Release Date: March 6
Director: Zack Snyder
Writers: David Hayter and Alex
Tse
Cinematographer: Larry Fong
Starring: Malin Akerman, Billy
Crudup, Jackie Earl Haley, Patrick Wilson
Studio/Run Time: Warner Bros.
Pictures, 163 mins.
Zack Snyder's adaptation of the
Watchmen graphic novel takes place in the mid-1980s, after
America won the Vietnam war and just before Richard Nixon's fourth
term. The U.S. won that war by enlisting the help of Jon Osterman, a
former scientist who was involved in a nuclear accident that,
naturally, turned him into a god-like blue man who lives
simultaneously in the past and the future. As near deity, Jon is able
to do almost anything he wants, like asking people to call him Dr.
Manhattan or zapping Vietcong with a wave of his hand. New York is
also populated by a second generation of costumed heroes, normal
people who fight crime like their parents did in a prior post-war
era. But the world is on the brink of nuclear war with the Soviets,
so many of these crusaders have retired or gone underground. Modern
threats have rendered masked heroes quaint.
Snyder’s previous film, 300,
was about a big, strong Spartan who pummeled the effeminate Persians
against the wishes of a corrupt security council. The political slant
of Watchmen is only slightly less transparent. Both films
lavish attention on violent individuals who deliver justice as they
see fit, on men who are principled brutes, and on women who are sexy,
strong and secondary. Each film’s overarching view is that war is
productive and weakness is not. The interest in sheer power is as
strong as the interest in human bodies, and where the two intersect,
Watchmen seems to vibrate with delight.
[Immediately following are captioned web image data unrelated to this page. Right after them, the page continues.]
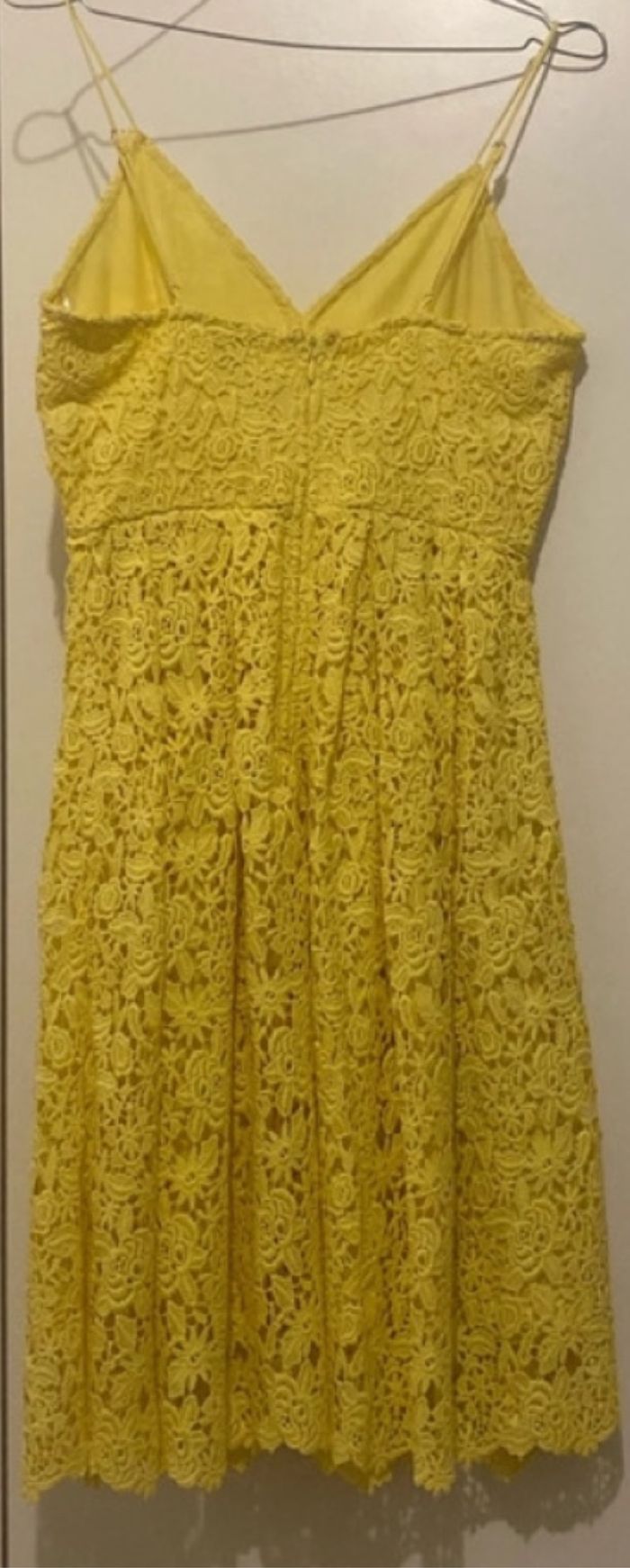 Robe jaune en dentelle - photo numéro 2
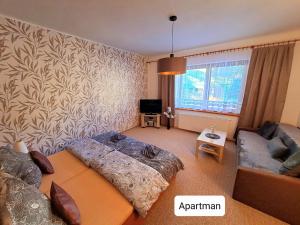 un soggiorno con un divano e un tavolo di Dům Tamara a Luhačovice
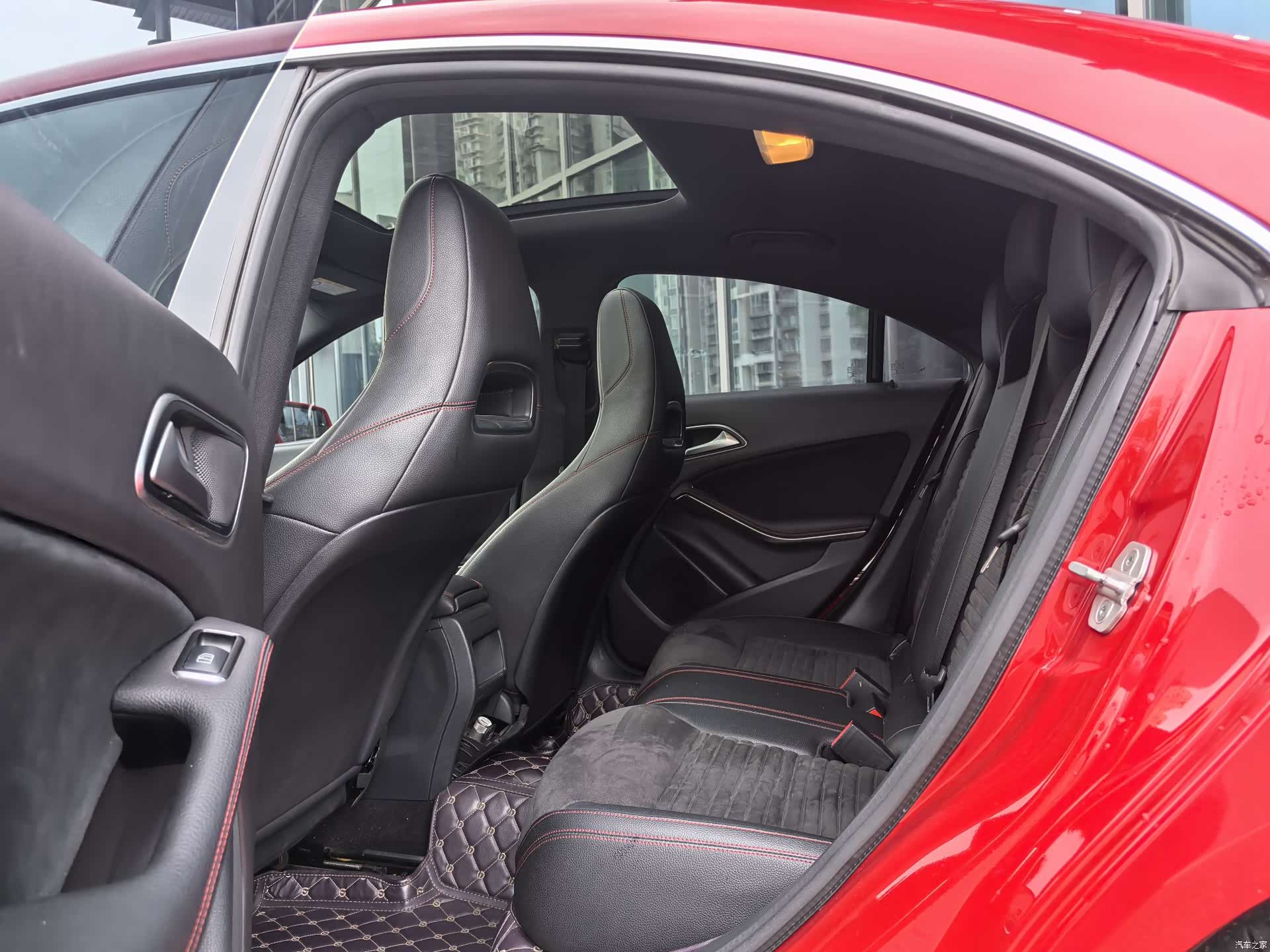 Mercedes-Benz CLA, 2015 10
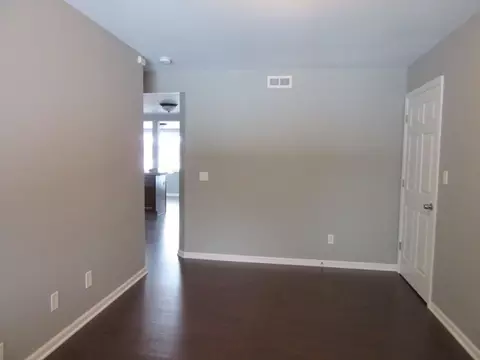 1138 Bangs St, Aurora, IL 60505 photo 10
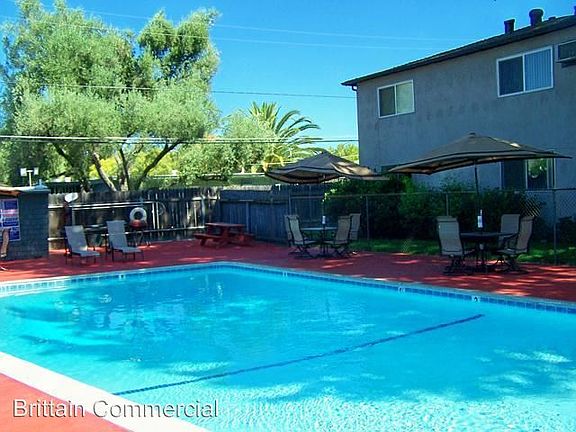 4th image of 2900 Marconi Ave APT 10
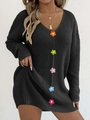 Sexy schwarzes V-Ausschnitt Strickkleid mit farbenfrohen handgefertigten Häkelblumen - S / Schwarz (5 Blumen)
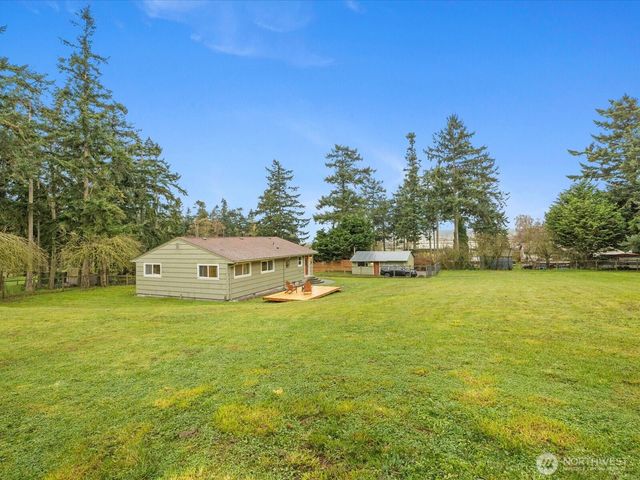 207 Fort Casey Road, Coupeville, WA 98239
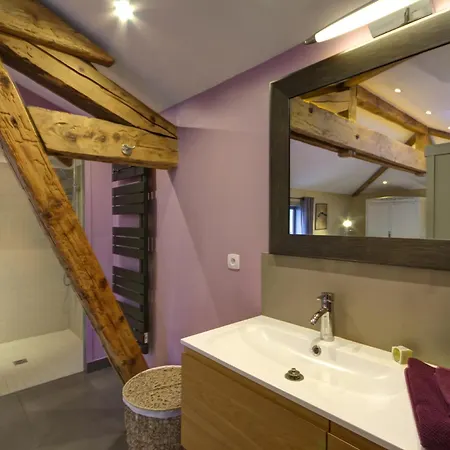 Prázdninový dům De Charme Avec Terrasse, Wi-fi Et Equipement Bebe - Fr-1-496-125 Chagnon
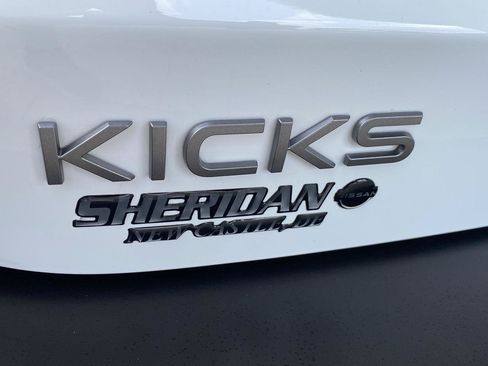 Certified 2025 Nissan Kicks SV AWD/4WD image 8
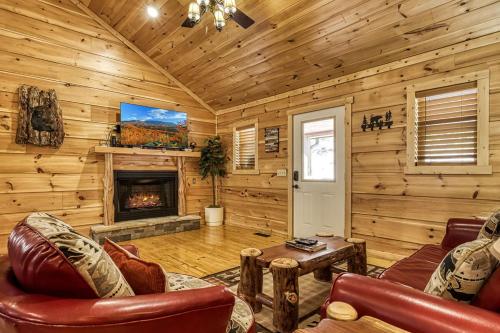 Sunshine Ridge Hot Tub Game Room WIFI 560 FREE tickets each paid day - photo 21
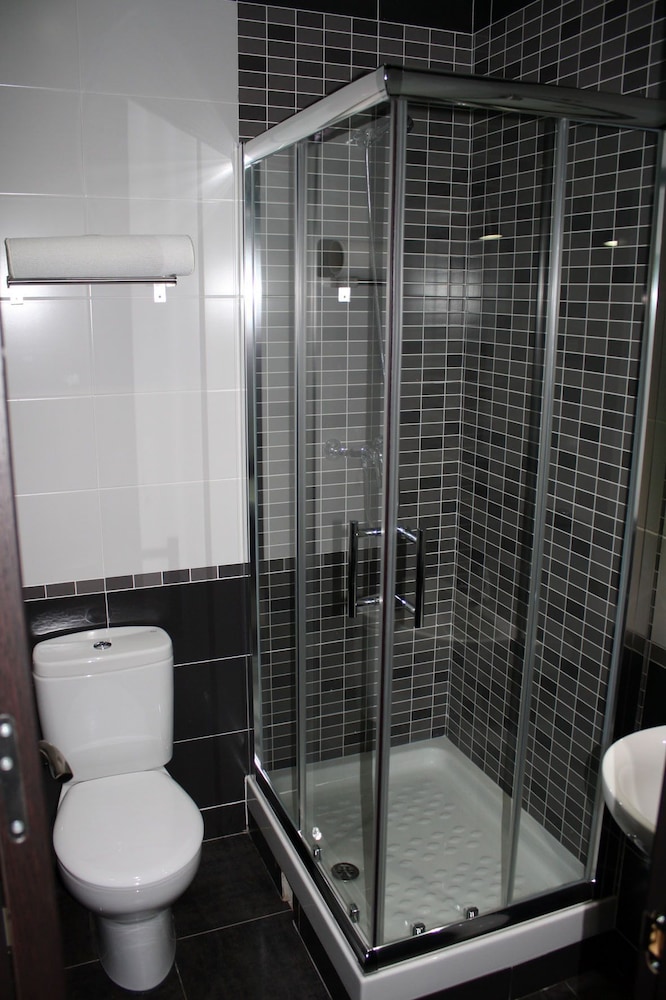 hostal mh fuencarral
We see the flesh of a
female calf ripped by a bullet, the intestines of a splattered victim
dangling from a ceiling, a prisoner’s skin melted by a basketful of
frying oil (can baskets be filled with oil?), and two arms sawn off
because they block access to someone who needs an ass-whoopin'.
The film’s obsession with bodies in
conflict has a counterpoint in Dr. Manhattan. Gently voiced (and
partially faced) by Billy Crudup, he stands naked, ripped, glowing
and dispassionate through most of the film. Neither the attentions of
his beautiful girlfriend-heroine nor his research into unlimited
energy can raise his flaccid member. He has lost interest in the
whole of the earth.
The film's id is an inky-masked
character named Rorschach who metes justice with his fists and talks
with a throat full of gravel, like Clint Eastwood in Gran Torino,
who might very well be the inky one’s uncle. Rorschach, not the
disengaged blue god, is clearly the film's ideal. But Dan, a
character who shifts between those two poles, is the audience
surrogate, a geeky but muscled guy who can’t get it up until he
re-dons his Nite Owl costume and, along with a female partner, saves
a bunch of kids from an apartment fire. The two of them cap their
evening with a mutual orgasm of flame.
Unlike the typical superhero movie,
Watchmen is a film of big ideas, and one of them is that mass
carnage can usher in an era of peace. The major characters disagree
only in the particulars. Dr. Manhattan makes a point of neither
condemning nor condoning the film's most controversial,
world-altering event, because his head is in the clouds. (He looks as
if he’d rather be clearing brush.) Nixon and Kissinger, huddled in
a war room, are only slightly more grounded; in their worst-case
nuclear scenario they'll write off New England as collateral damage
and even see the loss of Harvard liberals as a silver lining. The
folks behind Watchmen may have taken the wrong lesson from Dr.
Strangelove.
Furthermore, this gang doesn’t seem
to realize how brief a violence-born peace may be. Remember when we
were all New Yorkers? The assumption of the film is that a moment
similar to the post-9/11 pause, if inflicted deeply enough, could
blanket the globe with peace indefinitely, and if it happens during
Nixon's reign it might preempt and best even Ronald Reagan who, as we
know, single-handedly defeated the USSR in our real world.
Snyder never seems to consider the
problems of macho justice. My advice to the entire naive lot—to the
blue god, Rorschach, the geeky-sexy couple, the effeminate liberal
(there's always an effeminate liberal) and Snyder himself—is this:
Do not overestimate the longevity of global unity or the
productiveness of violence, on any scale.